Dark tourism, generally refers to a type of tourism that focuses on visiting places associated with death and suffering. Far more than mere morbid voyeurism, this concept encompasses more complex realities. It reflects the emergence of certain problematic trends in tourist practices. As a result, an increasing number of voices are raised against this trend. Therefore, we offer an insight into this obscure aspect of contemporary tourism…
Dark tourism: a practice older than you might think
Dark tourism was conceptualized by two American researchers, Malcolm Foley and John Lennon (not the singer!), in the 1990s. They defined it as “the phenomenon that encompasses the presentation and consumption by visitors of sites of death and disasters turned into commodities.”
Even during the time of the Napoleonic wars, visiting devastated battlefields was a common practice among thrill-seeking bourgeois. What about the archaeological site of Pompeii? It has always fascinated crowds, yet it was indeed a natural disaster that claimed the lives of approximately 15,000 people. Furthermore, it’s worth noting that the Auschwitz camp museum was inaugurated in 1947! All of this shows that this practice is older than one might imagine. However, it’s only recently that dark tourism has come into the spotlight.
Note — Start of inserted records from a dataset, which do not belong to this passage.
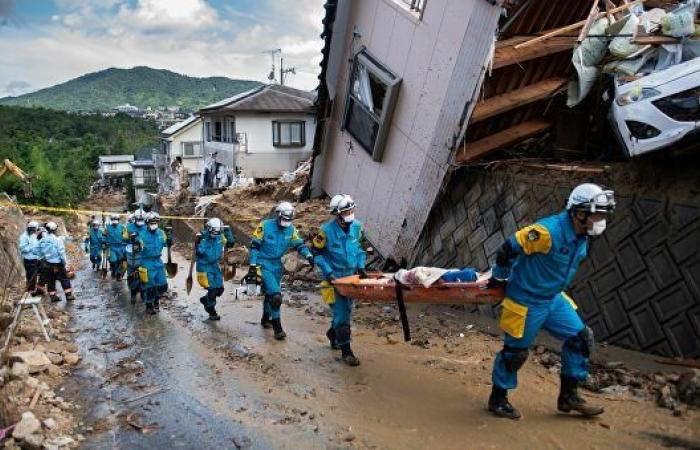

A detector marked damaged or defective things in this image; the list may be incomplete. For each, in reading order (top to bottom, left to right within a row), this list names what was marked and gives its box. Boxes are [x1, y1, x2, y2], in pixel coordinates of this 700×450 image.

broken window [272, 120, 304, 147]
broken window [344, 50, 402, 162]
damaged wall [416, 160, 700, 356] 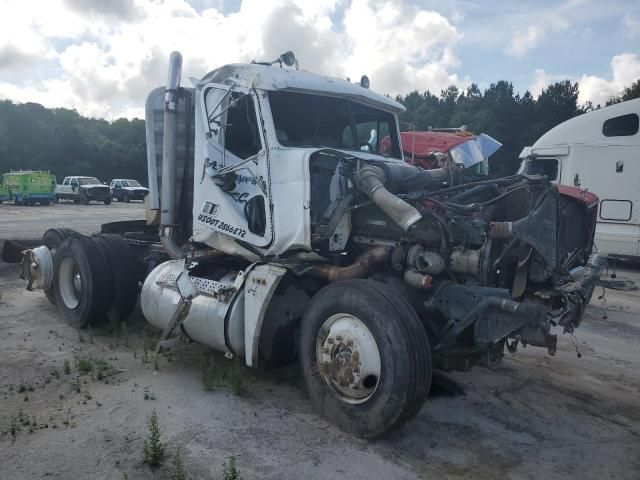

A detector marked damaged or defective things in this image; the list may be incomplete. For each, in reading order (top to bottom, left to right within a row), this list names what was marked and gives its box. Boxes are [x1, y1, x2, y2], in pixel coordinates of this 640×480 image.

severely damaged semi truck [16, 52, 604, 438]
front bumper damage [430, 251, 604, 368] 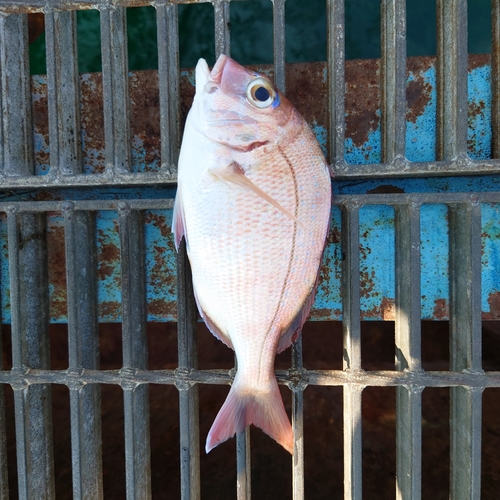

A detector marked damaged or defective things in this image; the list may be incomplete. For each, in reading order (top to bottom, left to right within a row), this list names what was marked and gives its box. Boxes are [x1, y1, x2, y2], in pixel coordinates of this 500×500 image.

rusty metal bar [0, 13, 32, 176]
rusty metal bar [45, 9, 82, 176]
rusty metal bar [99, 4, 131, 174]
rusty metal bar [157, 0, 181, 171]
rusty metal bar [214, 0, 231, 58]
rusty metal bar [326, 0, 346, 166]
rust stain [346, 58, 380, 147]
rusty patch [346, 58, 380, 147]
rusty metal bar [382, 0, 406, 164]
rusty metal bar [438, 0, 468, 160]
rusty metal bar [6, 210, 54, 500]
rusty metal bar [63, 204, 104, 500]
rusty metal bar [118, 204, 151, 500]
rusty metal bar [176, 238, 199, 500]
rusty metal bar [342, 203, 362, 500]
rusty metal bar [394, 202, 422, 500]
rusty patch [432, 298, 448, 318]
rust stain [432, 298, 448, 318]
rusty metal bar [448, 199, 482, 500]
rusty metal bar [234, 426, 250, 500] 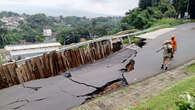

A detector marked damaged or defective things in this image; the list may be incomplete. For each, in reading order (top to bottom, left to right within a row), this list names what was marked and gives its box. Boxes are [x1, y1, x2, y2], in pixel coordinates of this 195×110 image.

cracked road surface [0, 22, 195, 109]
damaged asphalt [0, 22, 195, 109] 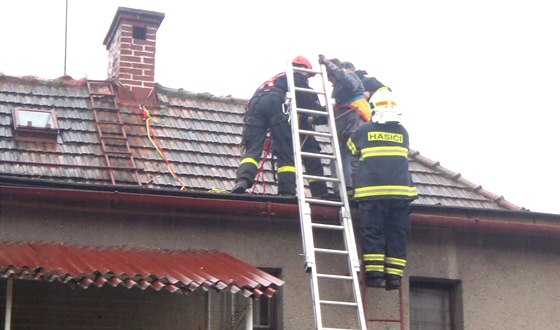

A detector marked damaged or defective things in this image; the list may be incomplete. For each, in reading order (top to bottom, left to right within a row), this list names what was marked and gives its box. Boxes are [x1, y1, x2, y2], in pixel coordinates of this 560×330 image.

damaged roof section [0, 73, 524, 210]
damaged roof section [0, 240, 282, 300] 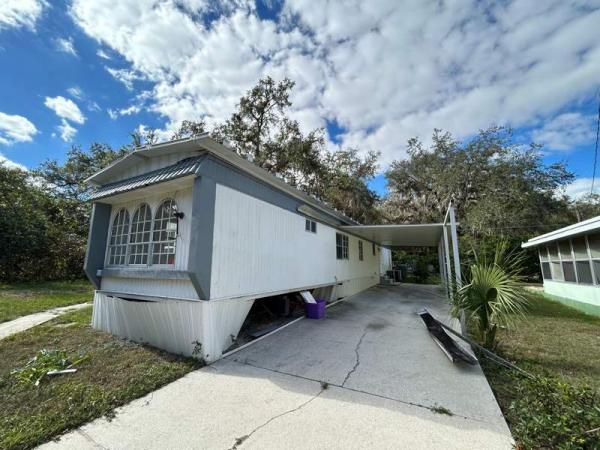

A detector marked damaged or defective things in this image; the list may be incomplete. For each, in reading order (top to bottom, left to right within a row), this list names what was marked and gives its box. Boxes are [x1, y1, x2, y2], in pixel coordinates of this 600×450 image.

cracked pavement [39, 286, 512, 448] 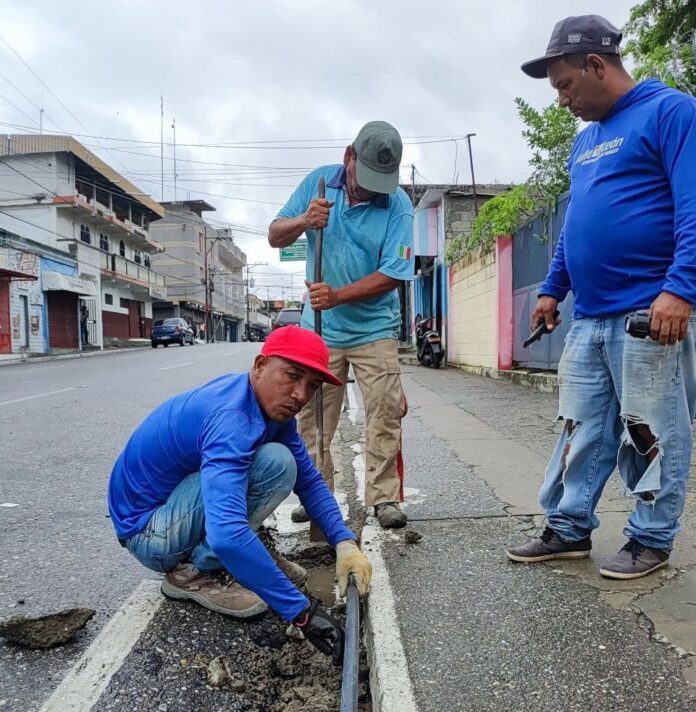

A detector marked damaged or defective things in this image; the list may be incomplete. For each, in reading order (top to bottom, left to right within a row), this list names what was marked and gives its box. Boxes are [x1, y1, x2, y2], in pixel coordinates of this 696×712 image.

broken asphalt [372, 368, 696, 712]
Two main explanatory factors can be identified: the development of mass tourism and media coverage. It’s easy to understand that as the number of travelers increases, the phenomenon gains momentum. Yet, grasping the influence of the media and social networks in this dynamic is more complex. Nevertheless, their role is undeniable.
Current Excesses in Dark Tourism
We are well aware of the influence of film tourism on certain tourist destinations. Croatia and Ireland with Game of Thrones, Scotland with Harry Potter, and Paris with Amélie Poulain are just a few examples of this trend. In the context of diversifying ways of exploring countries, this seems logical. However, when reality exceeds fiction, it raises certain questions.
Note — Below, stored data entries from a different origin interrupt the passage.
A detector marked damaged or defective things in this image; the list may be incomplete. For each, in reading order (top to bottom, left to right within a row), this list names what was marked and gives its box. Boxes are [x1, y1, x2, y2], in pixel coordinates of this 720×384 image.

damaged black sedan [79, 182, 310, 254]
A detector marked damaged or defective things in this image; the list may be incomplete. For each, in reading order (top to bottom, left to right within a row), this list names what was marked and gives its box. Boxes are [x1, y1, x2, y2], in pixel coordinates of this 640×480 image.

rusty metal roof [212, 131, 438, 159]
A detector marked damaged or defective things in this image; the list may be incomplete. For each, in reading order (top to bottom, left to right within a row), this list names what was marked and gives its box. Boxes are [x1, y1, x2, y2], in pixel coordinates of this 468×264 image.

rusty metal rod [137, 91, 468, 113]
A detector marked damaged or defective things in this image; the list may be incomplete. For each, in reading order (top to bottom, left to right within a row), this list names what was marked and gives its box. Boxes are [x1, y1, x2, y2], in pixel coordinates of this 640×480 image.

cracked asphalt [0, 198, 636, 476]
One can think of the surge in visits to the former Chernobyl disaster site following the release of the eponymous TV series. Or the tour operators offering trips to follow in the footsteps of the bandit Pablo Escobar after his biopic. And how can one not be disturbed by tourists taking smiling selfies within concentration camps in Poland? All of these practices stem from a common desire to develop a business that capitalizes on trends. Morbid tourism is just another “trend” in a perpetually Instagrammable world.
In the same vein, the poverty of certain regions around the world becomes a source of staged experiences and profit. For a few euros, some companies promise a secure immersion in the favelas of Rio, the slums of Bombay, or the townships of Johannesburg. Here, one is given the sensation of living a more authentic journey, closer to the realities of the inhabitants, with photo sessions naturally punctuating the visit. This still falls into a form of voyeurism, raising questions about the intentions of visitors.
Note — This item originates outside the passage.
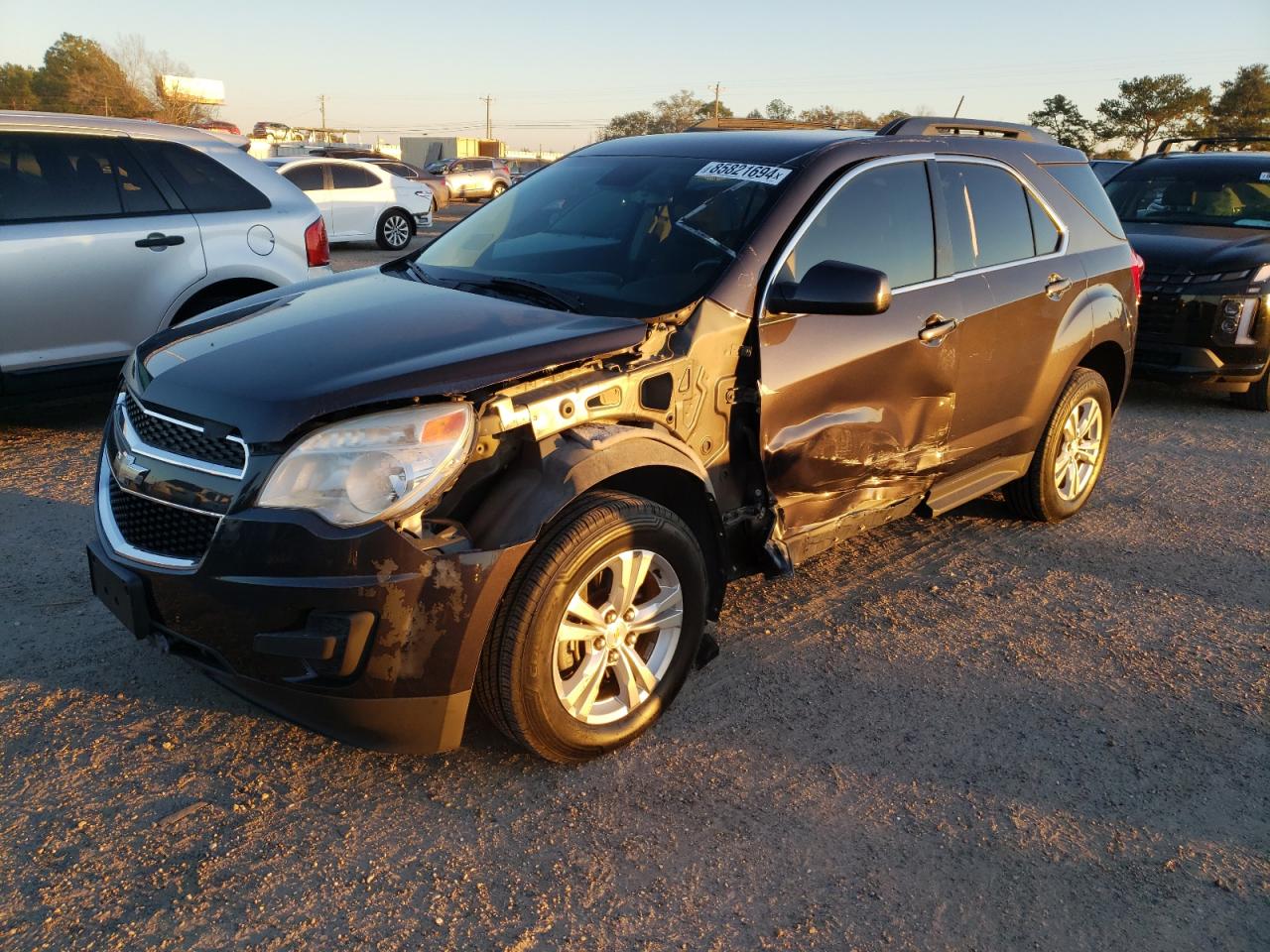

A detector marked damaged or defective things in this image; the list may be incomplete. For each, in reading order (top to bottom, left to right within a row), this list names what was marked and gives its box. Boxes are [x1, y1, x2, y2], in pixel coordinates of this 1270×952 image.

damaged gray suv [89, 119, 1143, 767]
dented door [756, 159, 954, 550]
Dark Tourism: Explaining the Phenomenon
It’s evident that one of the primary drivers of dark tourism lies in the psychology of the visitor. Motivations are diverse:
- Curiosity: Some tourists are simply curious to discover these places that are often shrouded in mystery or taboos.
- Interest in history: Visitors interested in history in all its facets wish to delve into these, no matter how grim they may be.
- Attraction to the macabre: Some people are drawn to horror and sensationalism. They seek experiences that give them thrills or strong emotions.
- Confronting one’s own fears: Dark tourism can be a form of therapy. By visiting places associated with death or suffering, tourists can confront their anxieties in a cathartic way.
These various motivations illustrate that the issue of indecency is tied to the initial intent of the visit. We cannot equate a visitor’s desire for an anthropological approach with the desire to indulge in unhealthy voyeurism. This is what distinguishes dark tourism from the duty of remembrance. While one exploits our weaknesses, the other appeals to our capacities for compassion and understanding. Two camps are thus in opposition: those who seek to profit from morbid business and those who hope to combat this practice through education and restraint.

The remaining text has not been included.